Simple–I don’t believe in overwhelming the user with navigational structures that supposedly help them find their way around. In some sites, this urge to supply the user with navigational links goes too far. Maybe 3 years ago most Web users didn’t know how to flip back to previous pages or how to use link history but, most are fairly sophisticated these days. If they want to see how my site fits together, they can consult my archives, sorted by date and category. Things are still too small to warrant a site wide search.

Of course I guess I could make the table of contents I do provide less arty and obscure but, hey, it’s a personal site.

How Come No Flash or Shockwave?

  1. Flash is pure dancing baloney and makes no pretense at being otherwise. It totally sucks as an interface and never pretended to be such. If you wanna make shiny, sparkly things, Macromedia has got the tools for you.
  2. The accessibility of Flash stinks. Macromedia is attempting to correct this but it will be a few years before all the Flash designers start
    designing things correctly. Better to use SMIL, SVG, DOM and CSS for multimedia.
  3. It doesn’t really do anything useful so why waste my time learning it?

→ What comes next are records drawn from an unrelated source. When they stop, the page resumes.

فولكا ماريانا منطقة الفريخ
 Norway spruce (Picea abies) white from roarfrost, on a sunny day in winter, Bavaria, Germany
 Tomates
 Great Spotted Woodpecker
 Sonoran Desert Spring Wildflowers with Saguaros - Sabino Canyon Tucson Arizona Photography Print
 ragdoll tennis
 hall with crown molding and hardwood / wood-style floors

What tools were used to create this site?

This site sits and ticks and whirs in Baka’s Sparc 5 running the Apache server. I developed most of these files in a Windows2000 workstation using such jug-headed tools as Visual InterDev, FrontPage 2000 and Notepad. When I want to get some real work done, I use Funduc’s Search and Replace and ActiveState perl. I haven’t done much image creation or manipulation yet but, when I do, I use PhotoDraw2000–not a top of the line image creation tool I’ll admit but, it comes with Office 2000 so I may as well use it. I also use Liam Quinn’s A Real Validator to check the validity of my markup.

I also used two testing tools to improve the accessibility of my pages: A-prompt and Bobby. These tools essentially parse your markup and tell you when you are missing the accessibility features in HTML 4 and 3.2. You can then go in and correct the markup. Currently most browsers, and many accessibility aids, don’t fully support this new markup, but when they do, I’ll be ready.

I just recently added a powerful web log script called Greymatter. It’s open source and runs on your own server so, you don’t have to rely other
servers or services, free, ad-supported or not. Definitely go check out this script.

Links count as endorsement in this section of the design essay.

Layout, Images, Colors and Stuff Like That

I ripped off the colors, images and typography from a FrontPage97 theme. The theme was called “Zero” and it was the only one in the lot that
struck me as interesting. I kind of liked the cyberpunk feel.

FrontPage implemented the theme with layout tables and other presentational markup. I just ripped the images out and implemented the layout entirely in CSS. My graphic arts skills aren’t the best but perhaps as time goes on I may change the look of this site. Luckily CSS allows me to quickly change everything if I ever need to.